どうしてそこから言うんだよ。あせって取り繕うと思ったが、既にマツリくんの顔から血の気が引いている。
「ナイトお前、少し人の気持ち考えろよ。マツリくん、一時的に身体を――実態を失くすだけだよ。君の魂は残るし、身体も取り戻す方法はあるから安心し――」
「どうだろうな」
ナイトはマツリくんに恨みでもあるのか。
「何なんだよ、お前」
僕は思わず声に力を込めた。
「こいつらの魂、今回が最終で間違えないか? 俺には見えないから、お前に会ったら聞こうと思ってた」
僕に判別をさせるのも目的の一つか。
「……そうだよ、最終だ」
「じゃあ余計に魂まで破壊されるわけにはいかないよな。

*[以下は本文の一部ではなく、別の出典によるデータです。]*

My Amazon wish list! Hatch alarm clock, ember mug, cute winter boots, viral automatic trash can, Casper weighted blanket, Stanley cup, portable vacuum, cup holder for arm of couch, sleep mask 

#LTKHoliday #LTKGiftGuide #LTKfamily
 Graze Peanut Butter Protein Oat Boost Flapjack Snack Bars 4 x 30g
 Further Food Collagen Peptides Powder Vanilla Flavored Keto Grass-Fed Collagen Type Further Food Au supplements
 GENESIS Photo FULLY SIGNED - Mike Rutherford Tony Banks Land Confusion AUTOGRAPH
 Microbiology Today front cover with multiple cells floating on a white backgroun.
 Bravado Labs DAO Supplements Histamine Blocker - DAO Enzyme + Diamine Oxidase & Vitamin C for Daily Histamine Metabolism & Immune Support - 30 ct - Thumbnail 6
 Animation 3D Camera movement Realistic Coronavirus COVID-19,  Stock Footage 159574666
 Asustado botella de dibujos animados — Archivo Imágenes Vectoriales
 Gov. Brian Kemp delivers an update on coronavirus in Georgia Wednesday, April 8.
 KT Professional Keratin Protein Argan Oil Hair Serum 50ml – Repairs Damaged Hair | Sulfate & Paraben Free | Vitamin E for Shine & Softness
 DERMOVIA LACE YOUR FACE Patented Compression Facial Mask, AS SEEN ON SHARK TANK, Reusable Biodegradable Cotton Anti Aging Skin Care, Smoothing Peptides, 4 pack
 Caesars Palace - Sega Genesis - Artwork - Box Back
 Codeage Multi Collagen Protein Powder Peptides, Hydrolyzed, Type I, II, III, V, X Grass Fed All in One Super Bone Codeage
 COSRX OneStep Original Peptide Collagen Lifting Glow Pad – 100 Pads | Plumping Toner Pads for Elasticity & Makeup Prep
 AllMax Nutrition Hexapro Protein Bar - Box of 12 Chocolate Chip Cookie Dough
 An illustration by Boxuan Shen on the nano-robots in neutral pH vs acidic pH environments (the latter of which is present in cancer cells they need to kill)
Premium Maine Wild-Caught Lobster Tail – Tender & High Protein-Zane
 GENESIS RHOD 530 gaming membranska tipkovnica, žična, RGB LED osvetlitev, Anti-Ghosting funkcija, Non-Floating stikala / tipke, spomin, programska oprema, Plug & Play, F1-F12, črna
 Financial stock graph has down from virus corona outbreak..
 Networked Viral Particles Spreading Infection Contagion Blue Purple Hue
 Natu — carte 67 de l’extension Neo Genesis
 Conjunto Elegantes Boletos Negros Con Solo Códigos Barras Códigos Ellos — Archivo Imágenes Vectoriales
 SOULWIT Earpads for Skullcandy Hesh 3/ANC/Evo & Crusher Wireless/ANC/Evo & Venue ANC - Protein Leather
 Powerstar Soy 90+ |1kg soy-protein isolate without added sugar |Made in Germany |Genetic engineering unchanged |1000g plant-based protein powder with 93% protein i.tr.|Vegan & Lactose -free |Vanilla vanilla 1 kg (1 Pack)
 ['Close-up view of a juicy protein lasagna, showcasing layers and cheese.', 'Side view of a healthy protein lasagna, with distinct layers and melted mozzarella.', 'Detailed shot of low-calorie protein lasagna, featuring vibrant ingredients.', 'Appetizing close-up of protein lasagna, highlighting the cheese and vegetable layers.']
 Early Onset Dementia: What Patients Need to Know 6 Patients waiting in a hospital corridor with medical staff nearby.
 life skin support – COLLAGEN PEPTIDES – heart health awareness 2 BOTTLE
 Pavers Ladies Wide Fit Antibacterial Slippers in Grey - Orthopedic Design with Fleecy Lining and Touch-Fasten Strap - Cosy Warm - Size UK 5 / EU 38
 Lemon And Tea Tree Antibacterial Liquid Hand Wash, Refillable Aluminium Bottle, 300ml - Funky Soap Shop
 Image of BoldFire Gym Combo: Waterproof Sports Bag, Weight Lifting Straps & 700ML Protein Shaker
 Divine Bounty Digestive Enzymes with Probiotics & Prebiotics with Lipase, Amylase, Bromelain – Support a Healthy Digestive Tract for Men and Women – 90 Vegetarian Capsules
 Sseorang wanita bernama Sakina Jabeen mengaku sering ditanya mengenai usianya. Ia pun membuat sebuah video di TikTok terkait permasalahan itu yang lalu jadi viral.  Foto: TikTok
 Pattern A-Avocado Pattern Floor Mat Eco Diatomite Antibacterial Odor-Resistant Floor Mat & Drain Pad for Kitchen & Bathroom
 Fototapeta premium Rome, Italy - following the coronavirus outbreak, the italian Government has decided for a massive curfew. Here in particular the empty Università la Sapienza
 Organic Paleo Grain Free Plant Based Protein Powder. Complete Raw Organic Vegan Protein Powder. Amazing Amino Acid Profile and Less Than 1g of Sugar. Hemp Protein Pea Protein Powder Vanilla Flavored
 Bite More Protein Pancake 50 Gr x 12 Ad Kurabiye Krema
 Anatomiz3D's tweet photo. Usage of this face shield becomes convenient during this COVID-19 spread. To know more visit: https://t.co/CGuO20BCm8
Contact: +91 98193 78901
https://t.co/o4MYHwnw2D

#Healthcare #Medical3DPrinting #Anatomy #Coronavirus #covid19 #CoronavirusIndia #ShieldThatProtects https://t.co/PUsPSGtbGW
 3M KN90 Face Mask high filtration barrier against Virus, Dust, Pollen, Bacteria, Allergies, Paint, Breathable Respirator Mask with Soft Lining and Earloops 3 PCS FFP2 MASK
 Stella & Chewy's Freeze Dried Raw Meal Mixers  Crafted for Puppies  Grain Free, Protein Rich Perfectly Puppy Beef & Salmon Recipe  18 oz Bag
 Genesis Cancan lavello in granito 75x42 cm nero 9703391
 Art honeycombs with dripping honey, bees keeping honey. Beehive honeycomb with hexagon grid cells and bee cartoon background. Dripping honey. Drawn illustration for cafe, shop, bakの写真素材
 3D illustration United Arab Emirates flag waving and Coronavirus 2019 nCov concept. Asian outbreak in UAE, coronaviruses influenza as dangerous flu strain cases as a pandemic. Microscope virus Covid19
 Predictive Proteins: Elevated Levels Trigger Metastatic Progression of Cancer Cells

身体だって今と同じには……」
マツリくんの頬に涙がつたっていた。
「二人とも、本当に何の話をしてるんですか」
たまらずマツリくんを胸に抱き寄せる。
「ごめん、今の話はこっちの都合なんだ。ただ、君のことは僕が守る。神様が約束しているんだから信じて」
マツリくんと彼を抱く僕に、話の物騒さとは裏腹の優しい目を向けたナイトが言う。
「なあ、マツリ、お前の兄さんを殺したやつらを覚えてるだろ。あいつらが今はお前を狙ってるんだ。あいつらをどうにかするまで、お前を安全な場所に匿いたい。それがシロキの門の中だ。大丈夫、門の中はシロキもそいつの使いもいる、悪くないぞ」
腕の中でマツリくんが小さな、でもしっかりした声で答えた。
「はい」
もう泣き止んだのか、こんな説明で納得できるのか。
「それからもう一つ大事なことを伝えておく」
ナイトが何を言うか、僕には想像がついた。
さっき覗いたマツリくんの魂があまりに強かったから。
「マツリ、俺はイサリの魂をお前の中に入れたんだ」
「え?」
「お前は兄さんを良く守ってるって言っただろ? お前の魂の中に入れて保管したんだ。お前の兄さんは身体を失ったが、正確にはまだちゃんとそこにいる。あいつらに奪われるところだった魂がな」
ナイトがマツリくんの胸の辺りを指す。
「お前の魂が消えれば、兄さんも完全に消える。俺は二人とも助けたい」
「わかりました。兄さんの魂を守れるなら、僕の身体はどうなっても構いません。でも何で幽霊は僕たち兄弟にそこまで拘るんですか。何で僕たちの魂は狙われているの? 僕たちが何をしたって言うんですか」
決心が早いな。前からお兄さんの魂を自分の中に感じていたのだろうか。最終では自分の死期もわかるものだったか? 自分の時の記憶はないからわからない。でもまだ、幽霊につけ狙らわれてる理由はわかっていないようだ。説明しなきゃ。
「それは君の中の……」
後ろに気配を感じ、マツリくんを庇って振り返った。思ったより早かったな。まだ話は終わっていないのに。